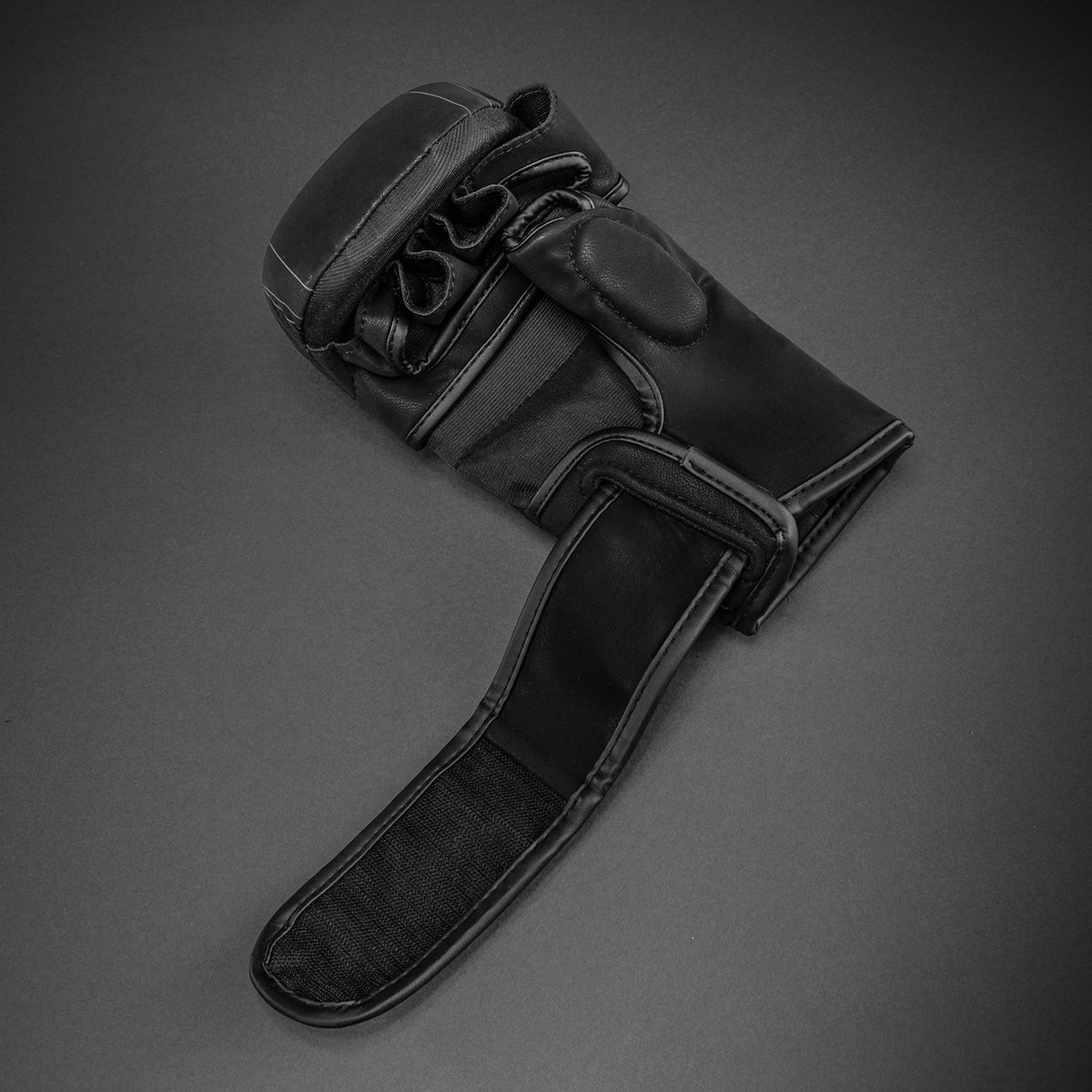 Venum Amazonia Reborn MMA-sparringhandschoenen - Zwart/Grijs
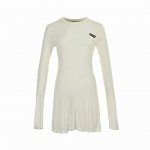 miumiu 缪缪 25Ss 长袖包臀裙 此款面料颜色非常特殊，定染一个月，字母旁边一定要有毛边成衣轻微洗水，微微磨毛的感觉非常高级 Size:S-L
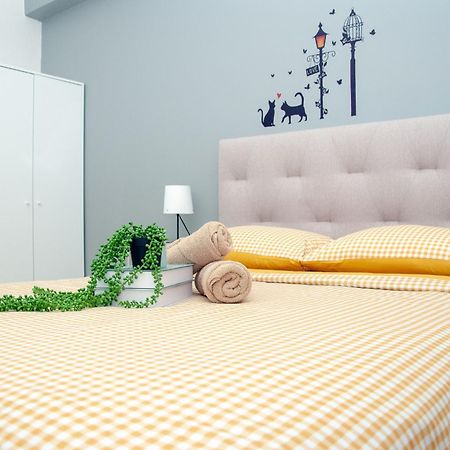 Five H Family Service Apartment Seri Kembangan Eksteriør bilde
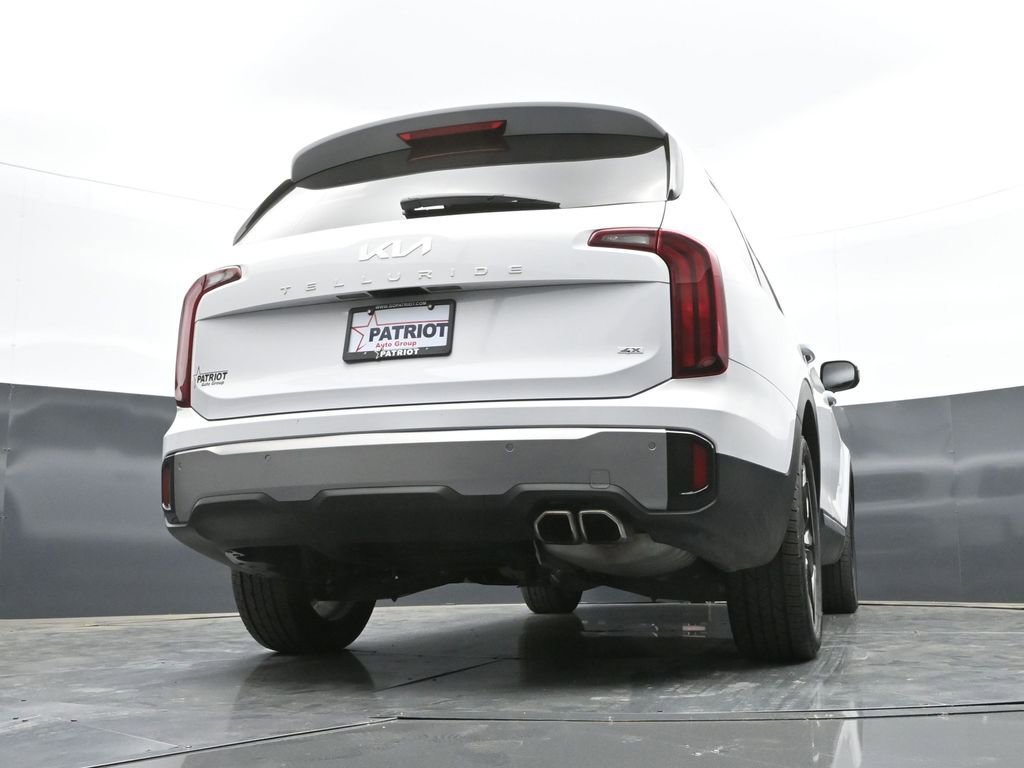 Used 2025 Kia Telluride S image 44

# Problem description
Please return the material above unchanged, with every picture removed.

# Finished task
 Venum Amazonia Reborn MMA-sparringhandschoenen - Zwart/Grijs
 miumiu 缪缪 25Ss 长袖包臀裙 此款面料颜色非常特殊，定染一个月，字母旁边一定要有毛边成衣轻微洗水，微微磨毛的感觉非常高级 Size:S-L
 Five H Family Service Apartment Seri Kembangan Eksteriør bilde
 Used 2025 Kia Telluride S image 44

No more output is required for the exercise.